Another way to see this is to track moments (expectation, variance, etc.) The Beta distribution, whose density is \(f(x; \alpha, \beta) \propto x^{\alpha-1} (1-x)^{\beta-1}\), has expectation \(\alpha/(\alpha+\beta)\) and variance \(\alpha\beta/\{(\alpha+\beta)^2(\alpha+\beta+1)\}\). The posterior mean is \[\begin{align*} \mathsf{E}(\theta \mid y) = w\frac{y}{n} + (1-w) \frac{\alpha}{\alpha+\beta}, \qquad w = \frac{n}{n+\alpha + \beta}, \end{align*}\] a weighted average of the maximum likelihood estimator and the prior mean. We can think of the parameter \(\alpha\) (respectively \(\beta\)) as representing the fixed prior number of success (resp. failures). The variance term is \(\mathrm{O}(n^{-1})\) and, as the sample size increases, the likelihood weight \(w\) dominates.
Figure 1.1 shows three different posterior distributions with different beta priors: the first prior, which favors values closer to 1/2, leads to a more peaked posterior density, contrary to the second which is symmetric, but concentrated toward more extreme values near endpoints of the support. The rightmost panel is truncated: as such, the posterior is zero for any value of \(\theta\) beyond 1/2 and so the posterior mode may be close to the endpoint of the prior. The influence of such a prior will not necessarily vanish as sample size and should be avoided, unless there are compelling reasons for restricting the domain.
Remark (Proportionality). Any term appearing in the likelihood times prior function that does not depend on parameters can be omitted since they will be absorbed by the normalizing constant. This makes it useful to compute normalizing constants or likelihood ratios.
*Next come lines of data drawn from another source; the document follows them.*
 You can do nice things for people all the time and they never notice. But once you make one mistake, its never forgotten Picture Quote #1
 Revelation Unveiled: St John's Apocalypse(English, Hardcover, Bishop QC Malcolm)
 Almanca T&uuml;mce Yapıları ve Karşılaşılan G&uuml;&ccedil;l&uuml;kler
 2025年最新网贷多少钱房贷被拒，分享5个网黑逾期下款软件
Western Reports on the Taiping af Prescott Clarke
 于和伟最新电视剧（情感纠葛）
Remark. An alternative parametrization for the beta distribution sets \(\alpha=\mu \kappa\), \(\beta = (1-\mu)\kappa\) for \(\mu \in (0,1)\) and \(\kappa>0\), so that the model is parametrized directly in terms of mean \(\mu\), with \(\kappa\) capturing the dispersion.
Remark. A density integrates to 1 over the range of possible outcomes, but there is no guarantee that the likelihood function, as a function of \(\boldsymbol{\theta}\), integrates to one over the parameter domain \(\boldsymbol{\Theta}\).
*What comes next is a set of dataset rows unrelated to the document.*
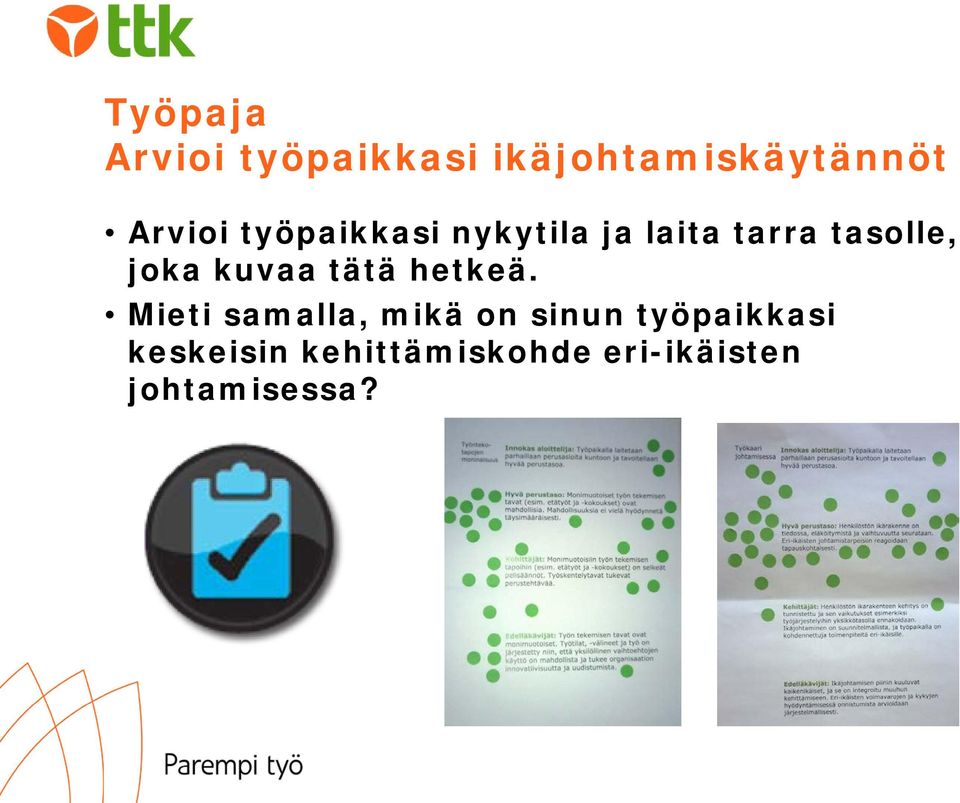 kuvaa tätä hetkeä.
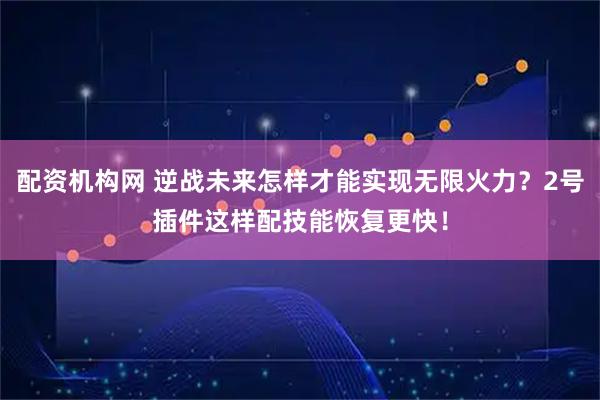 配资机构网 逆战未来怎样才能实现无限火力？2号插件这样配技能恢复更快！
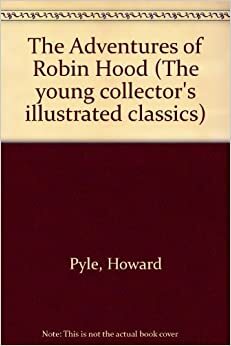 The Adventures of Robin Hood (The Young Collector's Illustrated Classics Series) by D.J. Arneson, Howard Pyle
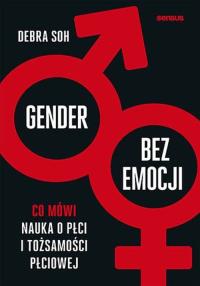 Koniec gender. Mity o płci i tożsamości płciowej we współczesnym społeczeństwie. Autor: Debra Soh. Dobreksiazki.pl Okładka książki Koniec gender. Mity o płci i tożsamości płciowej we współczesnym społeczeństwie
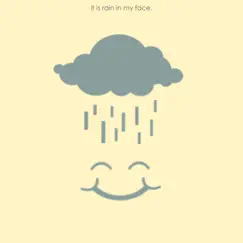 It Is Rain in My Face. by It Is Rain In My Face. album reviews, ratings, credits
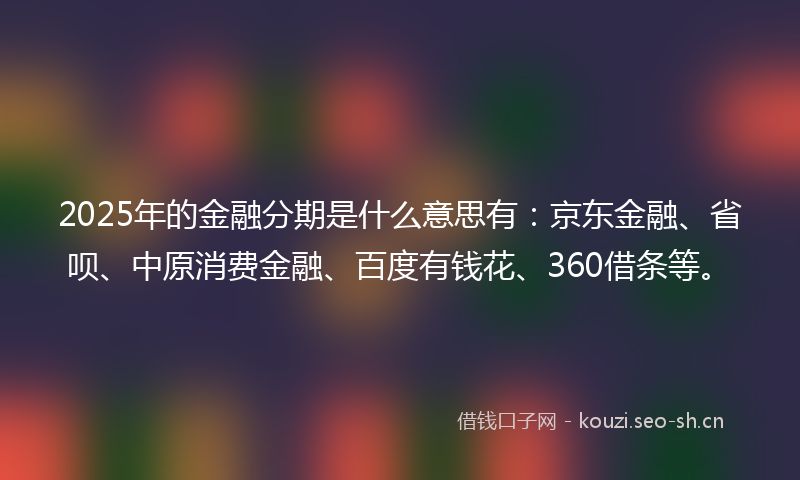 2025年的金融分期是什么意思有:京东金融、省呗、中原消费金融、百度有钱花、360借条等。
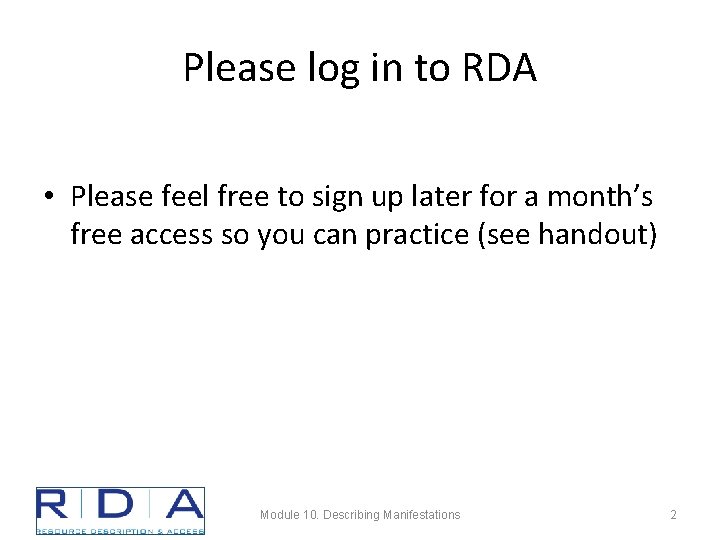 Please log in to RDA • Please feel free to sign up later for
For example, the binomial likelihood with \(n\) trials and \(y\) successes satisfies \[\int_0^1 \binom{n}{y}\theta^y(1-\theta)^{n-y} \mathrm{d} \theta = \frac{1}{n+1}.\]
Moreover, the binomial distribution is discrete with support \(0, \ldots, n\), whereas the likelihood is continuous as a function of the probability of success, as evidenced by Figure 1.2
Proposition 1.1 (Sequentiality and Bayesian updating) The likelihood is invariant to the order of the observations if they are independent Thus, if we consider two blocks of observations \(\boldsymbol{y}_1\) and \(\boldsymbol{y}_2\) \[p(\boldsymbol{\theta} \mid \boldsymbol{y}_1, \boldsymbol{y}_2) = p(\boldsymbol{\theta} \mid \boldsymbol{y}_1) p(\boldsymbol{\theta} \mid \boldsymbol{y}_2),\] so it makes no difference if we treat data all at once or in blocks. More generally, for data exhibiting spatial or serial dependence, it makes sense to consider rather the conditional (sequential) decomposition \[f(\boldsymbol{y}; \boldsymbol{\theta}) = f(\boldsymbol{y}_1; \boldsymbol{\theta}) f(\boldsymbol{y}_2; \boldsymbol{\theta}, \boldsymbol{y}_1) \cdots f(\boldsymbol{y}_n; \boldsymbol{\theta}, \boldsymbol{y}_1, \ldots, \boldsymbol{y}_{n-1})\] where \(f(\boldsymbol{y}_k; \boldsymbol{y}_1, \ldots, \boldsymbol{y}_{k-1})\) denotes the conditional density function given observations \(\boldsymbol{y}_1, \ldots, \boldsymbol{y}_{k-1}\).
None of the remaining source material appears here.